We got power back about 1 a.m. All-in-all, we skated through this OK. I really feel for the folks in NJ, lower Manhattan, etc.
 
I don't get it. I had a look at http://en.wikipedia.org/wiki/List_of_New_York_hurricanes and it seems New York suffers a major hurricane about once every 22 years with an increase in hurricane frequency over a ~50 year cycle... Yet New York seems mostly unprepared. The Salvation Army is armed with cookies and hot chocolate and seems totally out of blankets and quite possible never had any etc... (Our Salvation Army etc... has a constant stock of blankets, enough for 2 years worth of disasters so it is never caught off guard). New Yorkers seem, for the most part, on the global warming band-wagon and a favourite scare tactic of the warmers is the mantra "hurricanes will become more frequent and powerful" (for which there is no evidence...) I would have expected quite the opposite of what I'm seeing on the news. New York and New Jersey seem totally unprepared for this scale of disaster. The 1821, 1893, 1938, 1944 etc were huge and caused massive damage. The current disaster is hardly unprecedented. Your leaders seem to have stuffed up in a big way in not making adequate preparations for the inevitable.
 
This was barely a hurricane.
No power yet. Maybe Monday.

Favorite part of movie is whhen Tina Turner says to Raggeddy Man(MadMax), "You can shovel **** cant you??"

Classic.
 
Hang in there Clark, and everybody else. May you shove poo many years to come :rollhappy:

I talked to my mom yesterday for the first time since the storm hit (her phone was down all week and she is technologically "challenged"). She lives well north of NYC in Peekskill, NY and said that conditions even there were very bad. In her words, "I can't ever remember any storm with this kind of power coming here". She's 79 and has a scary good memory.
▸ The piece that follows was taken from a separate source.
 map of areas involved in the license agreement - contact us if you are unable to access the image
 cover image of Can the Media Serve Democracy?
She said that trees were down everywhere, the power was off for many folks (luckily not her), constant rainy conditions for over a week, "the worst winds I've ever experienced in my life", and on down the road. Moreover, folks are syphoning gas since there is a shortage. It seems like the days back in the early 70s during the embargo. My sister can get to work, but she barely has enough gas to get there and then runs the risk someone will take what little is left in her tank to get home!
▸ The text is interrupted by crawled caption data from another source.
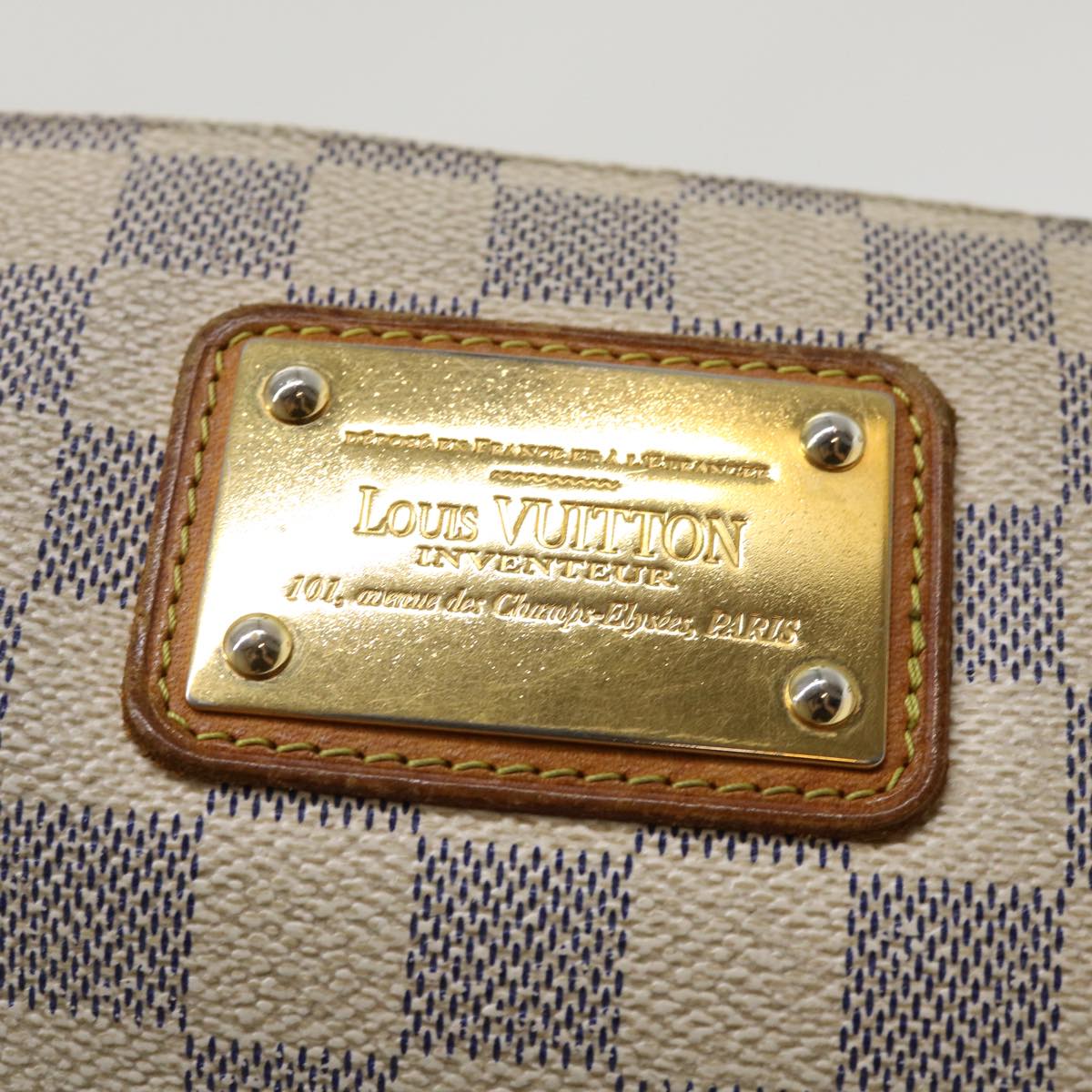 LOUIS VUITTON Damier Azur Eva Shoulder Bag 2way N55214 LV 46829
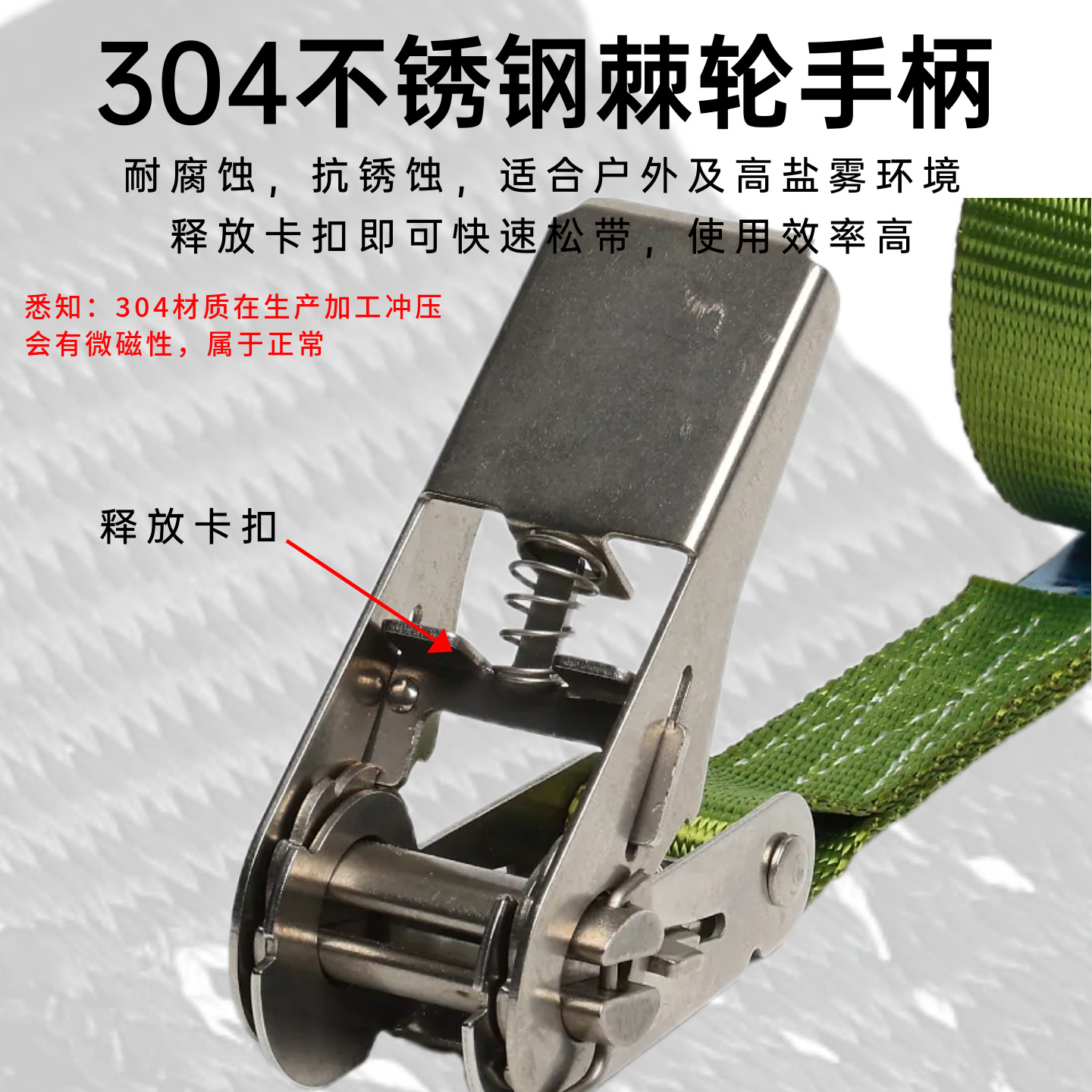 304 Stainless Steel Ratchet Tie Down Strap 1 inch 25mm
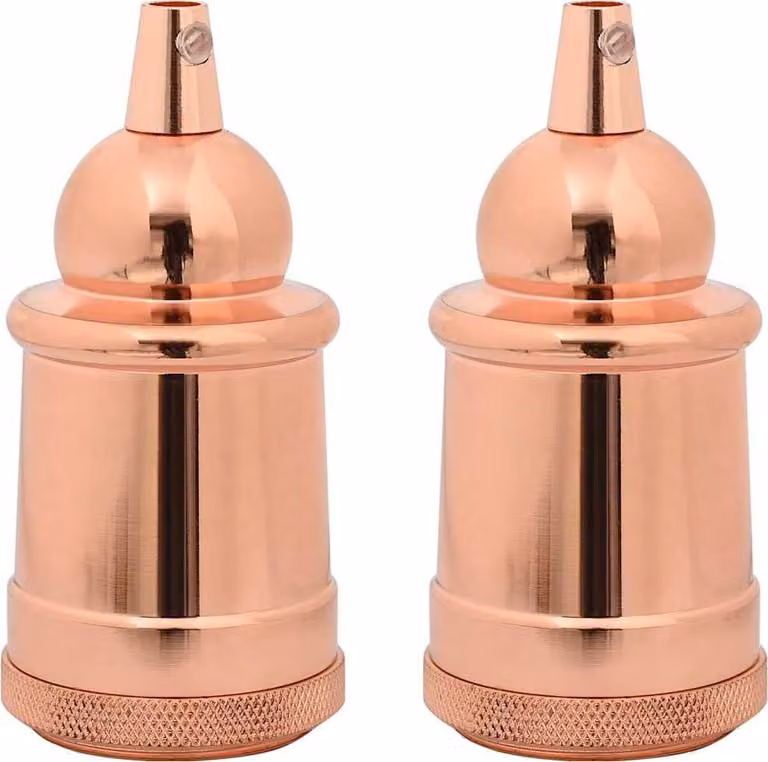 Portalampada 2 pz Oro Rosa E27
As for the folks on the Jersey Shore and the hard hit parts of the city, my heart goes out to them. Storms like this can't really be planned for completely (nearly a 14 foot surge at the Battery!). What this storm tells me is that our system of things is delicate, easily damaged, and not to be taken for granted. The great earthquake and tsunami that happened here last year had the same message - modern society lives in a precarious balance with "nature".
 
Opinion- sport/profit.
Gas is available, if one is willing to wait.
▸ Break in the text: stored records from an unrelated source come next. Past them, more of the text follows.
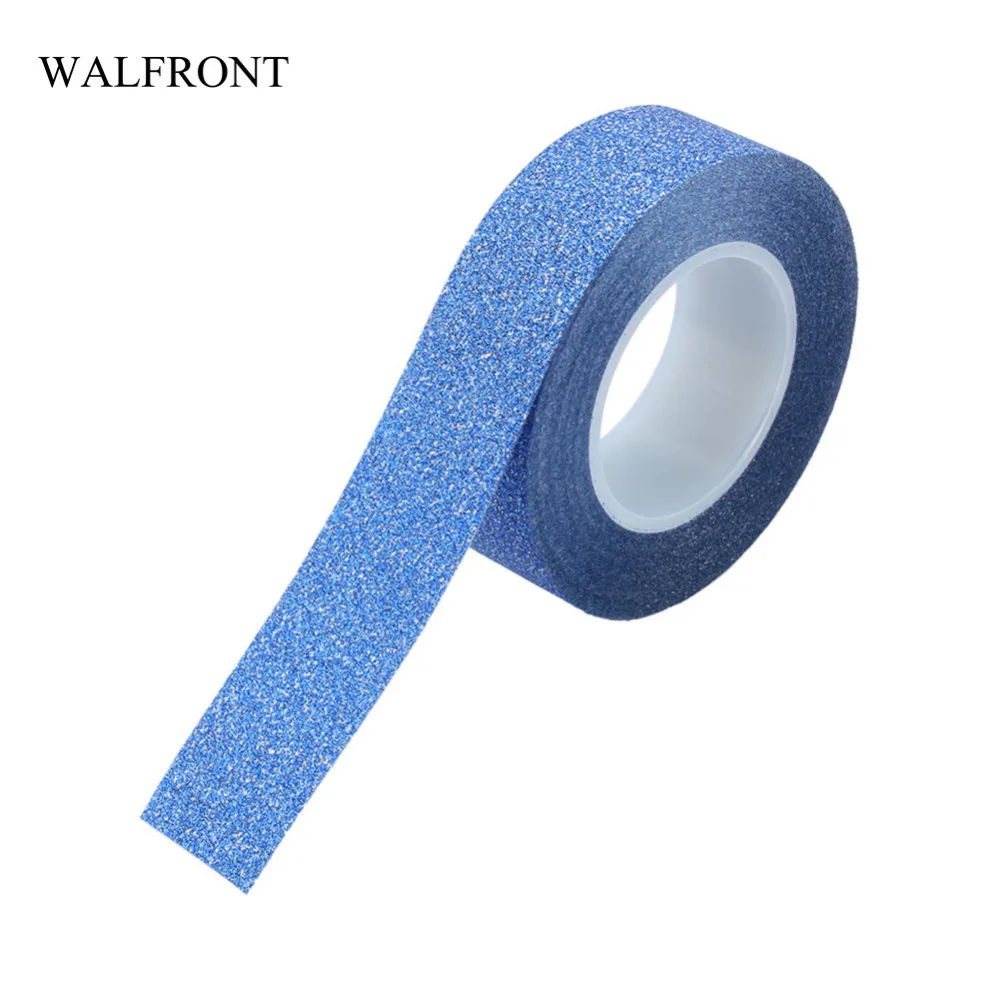 Buy WALFORNT 1.5cm*10M Blue Glitter Paper Masking Tape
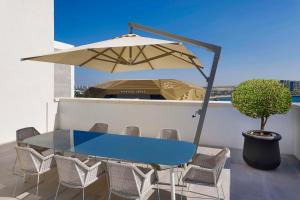Balkón nebo terasa v ubytování Hilton Abu Dhabi Yas Island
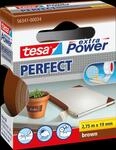 TESA 56341 BR - Gewebeband tesa extra Power&reg; Perfect, 2,75 m x 19 mm, braun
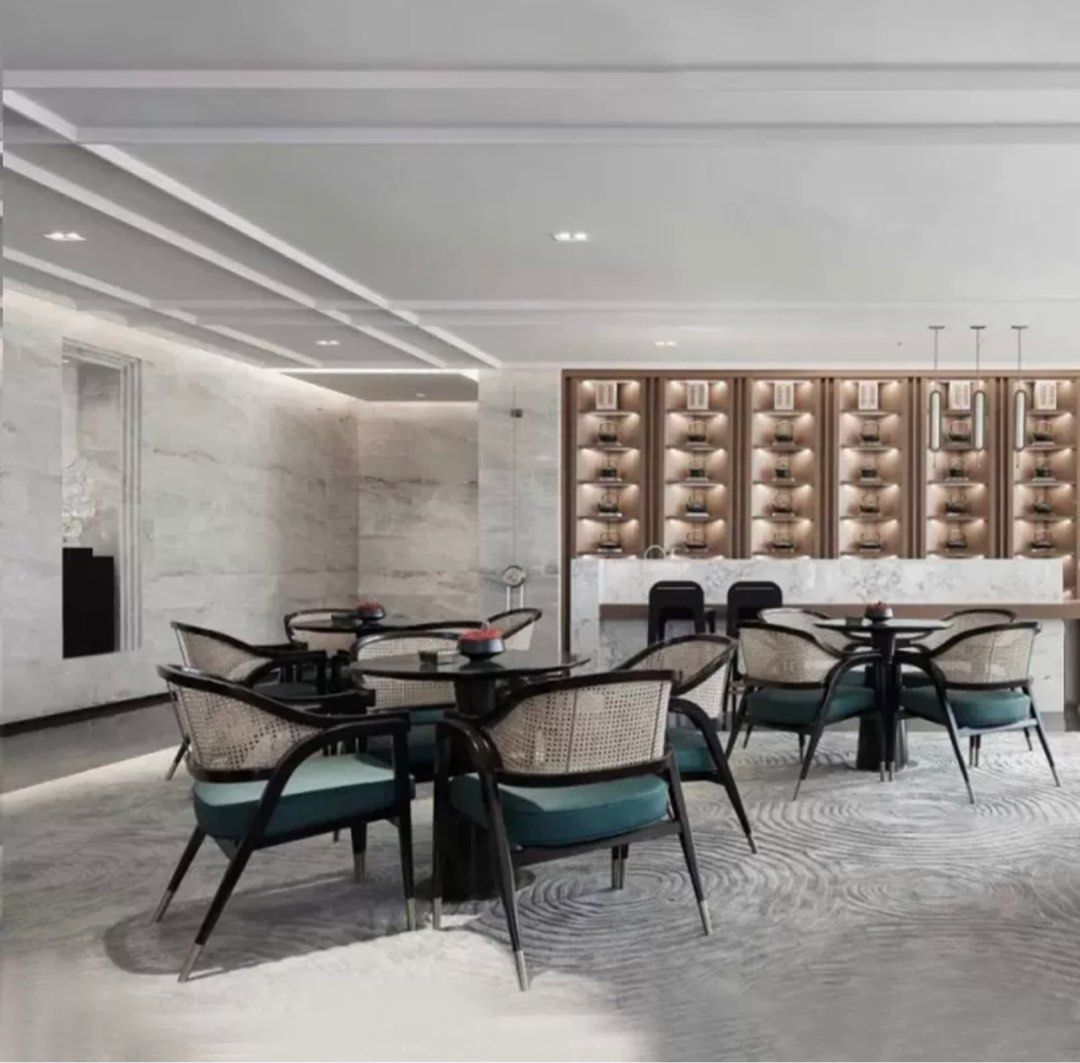 Mid-Century Rattan Dining Chair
I get logged out rather quick on the phone.
Sorry for short posts.
 
Tyrone- It seems like the hurricane was a surprise to NYC, but it wasn't. The discussion has been going on for years about hurricane preparation. In fact, over 15 years ago I attended a lecture at Queens College about how the NYC region was statistically overdue for a real "big one" (and no, this was actually not the "big one"!") The scenario of a major hurricane coming in on incoming high tide has been played out for years to the city, and in fact, the mayor took considerable heat for preparing for Irene as if it was the big one, when in fact it was nowhere near. But no, this was not the big one. The big one would be a Cat 4 storm coming in aiming square for the NY bight- with NY Harbor in the center- on incoming tide with 20-24' surge. I've been through quite a few hurricanes before- this one, as far as wind and rain goes, was not much...less, in fact than Irene. But the storm surge came on the full moon incoming tide. Landfall was made- well south of NYC- as high tide peaked. And remember....this was NOT the big one! But how much can you do with a walled off bulkheaded shoreline? All you can realistically do is plan for evacuations and anticipating the floodwaters. When the city was built, the occasional hurricane wouldn't cause that much damage. The city is built beyond colonial recognition now...and we had been spared bad hurricanes, but luck can only go so far.